DETAILED DESCRIPTION OF THE EMBODIMENTS
[0035] A charge pump embodiment of the invention incorporated in an
IHT will first be described in accordance with the accompanying
drawings. FIGS. 1 through 5 illustrate an IHT configured with a
horizontally split housing with upper housing 21 and lower housing
22. The invention does not require any specific housing
configuration, and all known configurations can be accommodated.
All specifics of an IHT are not shown in these figures as the
general operating of an IHT is known in the art.
[0036] Pump 24 is disposed on center section 26 and receives input
shaft 25, which communicates with and is driven by a vehicle engine
(not shown).
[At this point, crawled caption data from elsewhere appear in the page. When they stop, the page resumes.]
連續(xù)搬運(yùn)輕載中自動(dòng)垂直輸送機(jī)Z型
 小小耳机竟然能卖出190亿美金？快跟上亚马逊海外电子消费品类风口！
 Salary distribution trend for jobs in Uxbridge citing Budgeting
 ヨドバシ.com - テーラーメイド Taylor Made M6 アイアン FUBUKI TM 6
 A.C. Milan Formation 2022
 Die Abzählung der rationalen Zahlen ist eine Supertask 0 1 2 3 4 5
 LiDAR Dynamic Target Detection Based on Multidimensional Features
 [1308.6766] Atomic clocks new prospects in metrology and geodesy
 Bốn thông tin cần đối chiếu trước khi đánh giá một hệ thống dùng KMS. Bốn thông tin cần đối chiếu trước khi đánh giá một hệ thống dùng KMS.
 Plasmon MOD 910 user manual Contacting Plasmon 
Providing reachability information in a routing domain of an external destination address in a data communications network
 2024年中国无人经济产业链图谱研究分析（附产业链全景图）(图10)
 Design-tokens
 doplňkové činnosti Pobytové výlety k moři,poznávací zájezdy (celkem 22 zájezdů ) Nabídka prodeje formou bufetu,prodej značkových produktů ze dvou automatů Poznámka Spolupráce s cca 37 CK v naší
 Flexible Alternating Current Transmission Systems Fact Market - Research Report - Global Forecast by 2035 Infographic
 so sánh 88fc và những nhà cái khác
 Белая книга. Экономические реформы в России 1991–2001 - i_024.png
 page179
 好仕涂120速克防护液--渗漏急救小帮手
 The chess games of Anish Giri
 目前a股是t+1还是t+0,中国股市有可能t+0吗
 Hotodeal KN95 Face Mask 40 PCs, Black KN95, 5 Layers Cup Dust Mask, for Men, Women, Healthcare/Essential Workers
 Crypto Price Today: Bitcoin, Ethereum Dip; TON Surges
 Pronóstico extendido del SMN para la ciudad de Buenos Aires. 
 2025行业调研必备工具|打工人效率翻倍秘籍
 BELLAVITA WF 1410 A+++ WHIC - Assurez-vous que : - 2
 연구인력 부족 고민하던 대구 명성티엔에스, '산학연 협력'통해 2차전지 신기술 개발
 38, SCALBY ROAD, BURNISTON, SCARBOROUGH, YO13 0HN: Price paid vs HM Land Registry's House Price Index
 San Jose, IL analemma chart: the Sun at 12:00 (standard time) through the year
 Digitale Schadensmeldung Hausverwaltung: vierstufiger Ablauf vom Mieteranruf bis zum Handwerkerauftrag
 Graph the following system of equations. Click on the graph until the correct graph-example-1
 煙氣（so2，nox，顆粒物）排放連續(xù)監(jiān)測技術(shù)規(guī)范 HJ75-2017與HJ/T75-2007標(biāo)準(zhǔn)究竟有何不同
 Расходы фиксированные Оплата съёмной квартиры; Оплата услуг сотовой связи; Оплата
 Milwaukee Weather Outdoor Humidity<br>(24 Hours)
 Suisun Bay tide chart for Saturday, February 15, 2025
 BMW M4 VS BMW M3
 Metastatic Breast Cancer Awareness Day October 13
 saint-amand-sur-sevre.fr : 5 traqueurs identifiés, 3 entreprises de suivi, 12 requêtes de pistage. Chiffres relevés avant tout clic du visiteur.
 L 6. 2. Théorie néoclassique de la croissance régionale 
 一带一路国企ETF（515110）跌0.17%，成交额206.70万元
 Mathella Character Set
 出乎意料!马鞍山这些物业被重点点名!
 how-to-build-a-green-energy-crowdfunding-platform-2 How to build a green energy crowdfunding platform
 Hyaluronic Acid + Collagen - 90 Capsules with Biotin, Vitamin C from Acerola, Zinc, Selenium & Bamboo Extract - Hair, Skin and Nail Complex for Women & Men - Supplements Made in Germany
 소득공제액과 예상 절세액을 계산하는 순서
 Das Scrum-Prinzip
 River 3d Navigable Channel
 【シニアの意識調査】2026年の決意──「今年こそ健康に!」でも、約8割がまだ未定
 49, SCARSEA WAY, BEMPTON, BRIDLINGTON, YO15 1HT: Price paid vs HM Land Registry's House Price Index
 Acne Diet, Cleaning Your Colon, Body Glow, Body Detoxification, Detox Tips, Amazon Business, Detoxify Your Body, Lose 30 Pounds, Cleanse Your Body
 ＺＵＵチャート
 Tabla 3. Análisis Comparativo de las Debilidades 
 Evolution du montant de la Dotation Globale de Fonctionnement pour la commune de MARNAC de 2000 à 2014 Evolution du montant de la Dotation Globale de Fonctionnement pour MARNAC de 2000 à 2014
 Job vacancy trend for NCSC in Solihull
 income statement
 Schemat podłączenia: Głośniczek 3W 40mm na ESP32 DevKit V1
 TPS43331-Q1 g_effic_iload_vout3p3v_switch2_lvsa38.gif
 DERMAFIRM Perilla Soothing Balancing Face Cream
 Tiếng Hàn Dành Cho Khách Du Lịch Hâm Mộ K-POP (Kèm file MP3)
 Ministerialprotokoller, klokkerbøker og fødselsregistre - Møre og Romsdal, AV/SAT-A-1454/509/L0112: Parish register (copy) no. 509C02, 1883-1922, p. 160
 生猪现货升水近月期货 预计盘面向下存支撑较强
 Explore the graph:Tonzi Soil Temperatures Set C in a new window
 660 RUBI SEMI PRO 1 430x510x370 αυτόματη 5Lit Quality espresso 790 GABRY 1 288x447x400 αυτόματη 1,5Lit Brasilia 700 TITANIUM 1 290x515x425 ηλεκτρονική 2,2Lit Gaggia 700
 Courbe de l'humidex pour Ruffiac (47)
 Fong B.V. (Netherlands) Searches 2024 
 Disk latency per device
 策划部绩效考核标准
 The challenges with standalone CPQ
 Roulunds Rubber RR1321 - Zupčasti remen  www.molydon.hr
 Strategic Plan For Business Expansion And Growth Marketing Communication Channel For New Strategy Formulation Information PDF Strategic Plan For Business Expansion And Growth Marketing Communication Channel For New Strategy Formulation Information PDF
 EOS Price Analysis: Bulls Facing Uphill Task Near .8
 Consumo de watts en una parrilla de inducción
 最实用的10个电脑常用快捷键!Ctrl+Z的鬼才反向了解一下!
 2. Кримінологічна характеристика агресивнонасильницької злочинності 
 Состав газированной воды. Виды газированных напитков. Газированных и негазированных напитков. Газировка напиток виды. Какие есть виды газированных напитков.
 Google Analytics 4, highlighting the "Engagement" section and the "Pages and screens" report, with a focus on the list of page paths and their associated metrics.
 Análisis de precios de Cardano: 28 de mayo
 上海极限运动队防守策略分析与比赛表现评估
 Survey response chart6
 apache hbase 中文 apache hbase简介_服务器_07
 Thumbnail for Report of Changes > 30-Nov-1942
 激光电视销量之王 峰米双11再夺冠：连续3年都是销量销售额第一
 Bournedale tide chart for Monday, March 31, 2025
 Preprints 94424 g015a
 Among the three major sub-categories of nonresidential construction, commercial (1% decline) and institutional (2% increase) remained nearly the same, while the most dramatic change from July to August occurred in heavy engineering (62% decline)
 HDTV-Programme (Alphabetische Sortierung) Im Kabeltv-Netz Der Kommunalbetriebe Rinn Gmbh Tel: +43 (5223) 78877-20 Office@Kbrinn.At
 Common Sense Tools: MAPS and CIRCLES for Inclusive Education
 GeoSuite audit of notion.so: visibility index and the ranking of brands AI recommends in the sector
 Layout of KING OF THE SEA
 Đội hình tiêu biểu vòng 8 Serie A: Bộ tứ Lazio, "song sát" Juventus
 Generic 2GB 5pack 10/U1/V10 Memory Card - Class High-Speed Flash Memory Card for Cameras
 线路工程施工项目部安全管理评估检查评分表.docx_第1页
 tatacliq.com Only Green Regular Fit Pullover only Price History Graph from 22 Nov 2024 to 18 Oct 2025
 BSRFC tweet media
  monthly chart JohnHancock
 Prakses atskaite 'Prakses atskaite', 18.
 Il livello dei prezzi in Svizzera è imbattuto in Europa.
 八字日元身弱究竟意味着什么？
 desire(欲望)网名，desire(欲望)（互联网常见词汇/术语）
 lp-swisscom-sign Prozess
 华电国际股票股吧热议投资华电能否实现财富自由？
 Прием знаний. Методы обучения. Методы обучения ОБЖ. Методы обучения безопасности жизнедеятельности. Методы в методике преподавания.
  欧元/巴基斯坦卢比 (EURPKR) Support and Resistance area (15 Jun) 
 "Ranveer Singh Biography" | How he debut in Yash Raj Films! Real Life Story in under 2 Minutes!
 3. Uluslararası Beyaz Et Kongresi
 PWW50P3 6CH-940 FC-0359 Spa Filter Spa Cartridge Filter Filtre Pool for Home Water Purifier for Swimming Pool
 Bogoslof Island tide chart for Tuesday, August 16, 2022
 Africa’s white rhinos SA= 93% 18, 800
Center section 26 includes internal porting 30 that
hydraulically connects pump 24 and motor 40. Pump pistons 23 engage
adjustable swashplate 27 to create pressure within a center section
internal porting 30. Housings 21 and 22 form a sump or reservoir 32
external to center section 26. Motor 40 is connected to and drives
output shaft 41, which in turn drives gear 42a, which is connected
to gear 42b mounted on counter shaft 48. Gears 42a and 42b do not
rotate with respect to one another; the teeth of gear 42b engage
with gear 42a. As shown most clearly in FIG. 4, counter shaft 48 is
mounted to lower housing 21 by means of screws 49 and is located
between motor shaft 41 and axles 45a and 45b. Gear 42b then drives
gear 43 and the remaining gears of differential 44. Differential 44
is in turn operatively connected to the output drive axles 45a and
45b of the vehicle. The specifics of the output gearing and
differential are not essential to this invention and are disclosed
in the '387 patent.
[0037] The charge pump includes an inlet porting plate 28 external
to the lower housing 22 at the external surface thereof, i.e.,
attached to the lower housing 22. Porting plate 28 is mounted so
that its interior surface is in close proximity to center section
26. Gerotor housing 29, which is also known as a charge cover, is
attached to the external surface c,f inlet porting plate 28, and
gerotor set 34 is held in position by the configuration of input
shaft 25. This embodiment also includes mounting the porting plate
28 on other housing elements, or parts that may be labeled by other
nomenclatures, that would perform functions similar to the
described upper and lower housings. Porting plate 28 includes an
inlet 36 that is connected to an external reservoir 50 that
contains hydraulic fluid and which is typically mounted on a
supporting member of the vehicle in which the IHT is mounted. Inlet
36 could also be in communication with and receive fluid from sump
32 instead of reservoir 50.
[0038] Input shaft 25 extends through pump 24 and center section 26
to drive gerotor set 34, which is of a standard design known in the
art. Rotation of gerotor set 34 by shaft 25 creates a low pressure
or suction at inlet 36 that remains constant regardless of the
forward or reverse status of the HST. The porting plate 28 also
includes fluid passage 31 in communication with gerotor set 34. The
action of the gerotor will cause fluid forced from the gerotor set
into passage 31 to become pressurized. Thus, fluid is drawn through
inlet 36 by the suction created by rotation of gerotor 34; the
pressurized fluid is then forced into passage 31 and then into
gallery 37. Gallery 37 is formed and defined by the interface
between the inlet porting plate 28 and the center section 26. In
the embodiment shown in FIG. 1, lower housing 22 includes an
opening for the bottom surface of center section 26 to be
approximately flush with the external bottom surface of lower
housing 22. The attachment location of center section 26 in upper
housing 21 establishes the position of the center section 26. Other
embodiments with different split lines to the housing elements
would have a similar opening. The positioning of the interface
between the center section and the porting plate is not critical.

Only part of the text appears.